Pour les six semaines à venir, c’est un florilège d’événements avec un véritable « festival des 25 ans » et le nectar des archives qui sera proposé. On guettera les rediffusions du concert de lancement des festivités, donné mardi dernier. « Nous avons laissé la scène à de jeunes talents de moins de 25 ans, qui n’étaient donc pas nés quand Mezzo a été créé et qui pourraient devenir les vedettes des 25 prochaines années », résume Hervé Boissière. Se côtoieront Tsotne Zedginidze, pianiste et compositeur géorgien de 13 ans, adoubé par Daniel Barenboim ; Roni Kaspi, batteuse israélienne de 22 ans ; Tsukino Tanaka, danseuse japonaise de 18 ans et Anthony León, ténor américano-cubain de 25 ans vainqueur du dernier concours Opéralia.
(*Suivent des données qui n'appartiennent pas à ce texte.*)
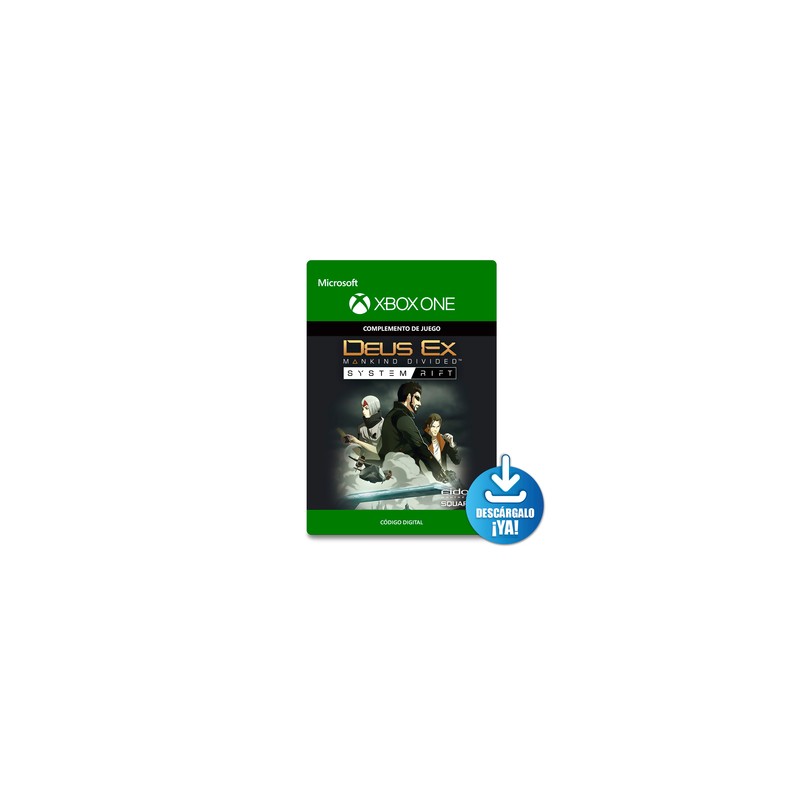 Deus Ex Mankind Divided System Rift / Complemento de juego digital / Xbox One / Descargable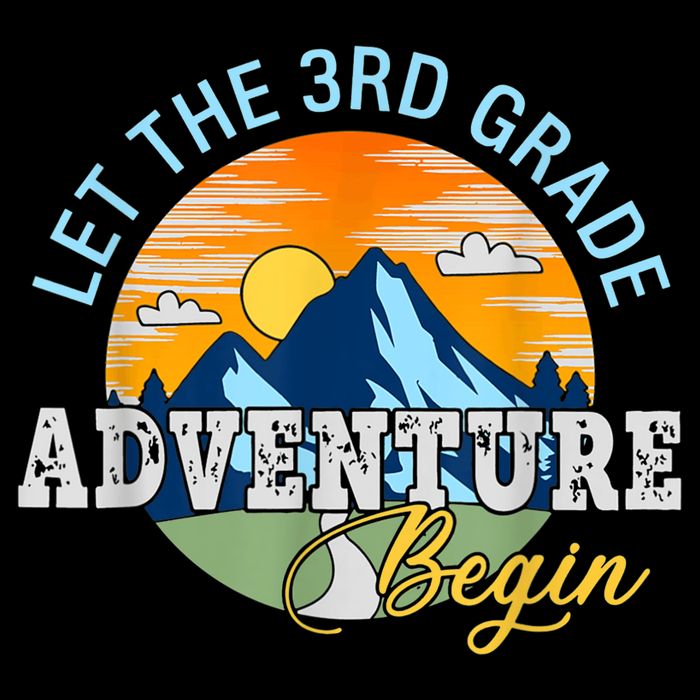Let The 3rd Grade Adventure Begin 3rd Grade Team 7-Panel Snapback Hat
Samedi soir, Nikolaus Harnoncourt dirigera Fidelio dans la mise en scène de Jürgen Flimm en 2004 et dimanche on pourra voir Mitsuko Uchida et Bernard Haitink partageant la scène à Amsterdam en 2018. L’OSM est partie prenante des festivités avec un direct de Montréal le 19 avril : le concert de Bruce Liu et Dalia Stasevska avec le 2e Concerto de Chopin et la 6e Symphonie de Sibelius. Une très riche programmation opératique comprend la diffusion de Nixon in China de John Adams depuis l’Opéra de Paris le 14 avril et la rediffusion d’Einstein on the Beach de Philip Glass (2014) le 27 avril. Le tout s’achèvera le 1er mai avec un concert du Philharmonique de Berlin à la Sagrada Familia.
En concert cette semaine
Yannick Nézet-Séguin met un terme à l’intégrale des cantates de Bach de la salle Bourgie, dimanche à 14 h 30 et 19 h 30.
L’ensemble de chambre du Concertgebouw d’Amsterdam se produit à la salle Bourgie, mardi à 19 h 30.
Rafael Payare dirige Ein Heldenleben de Strauss à la Maison symphonique, mardi et jeudi à 19 h 30.